Data density can differ with age and in future version of Achilles we hope to implement age decile specific values for some of the measures. There are two types of density to consider (below, we use examples for a laboratory measurement): (1) “concepts per person” as # of distinct measurements per person (e.g., count of 2 measurements per person, such as cholesterol and hematocrit; “data breadth”) (2) “records per person” as total # of all measurement records per person (e.g., count of 8 tests, such as 3 LDL cholesterol and 5 hematocrit measurements; “data depth”).

Also, another paste is

Terminology Achilles uses the term analysis (identifier: analysis_id) to denote a precomputed value from patient level CDM data and derived measure to denote precomputed values that are further derived from Achilles analyses. We use the term data measure to refer to both Achilles analyses and Achilles derived measures.

Achilles Heel allows different level of output. Error for serious DQA errors, warning for less important errors and notification for least important or widely generalizable errors. We use the term error to refer to all three flavors of output/error. (edit: now using term message) and having not just errors.

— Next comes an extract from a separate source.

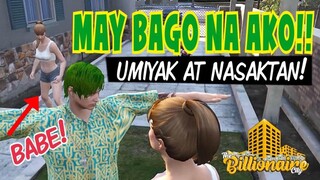 PINAKILALA KO SI BABE (tagal kasi ako sagutin)  - GARD GTA 5 RP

What would be a better approach? (again, it is meant for notification and for initial Heel report). The best scenario is where DQA thresholds can be tweaked by data customer. (even per database or database type)

vojtechhuser commented 8 years ago

example values for such approach:

               measure_id median percentile10   min   max
       DrugEra:ConceptCnt   1669        593.4     0  1894
  DrugExposure:ConceptCnt  11813       1636.2  1461 41084
vojtechhuser commented 8 years ago

DataQuality package provides more reference values. (from 10 datasets). https://github.com/OHDSI/StudyProtocolSandbox/blob/master/DataQuality/inst/csv/empiric_reference.csv

possible approach to rules may look like this: https://github.com/OHDSI/StudyProtocolSandbox/blob/master/DataQuality/inst/csv/empiric_rule.csv

fdefalco commented 3 years ago

Heel has been superseded by DQD and is no longer under development.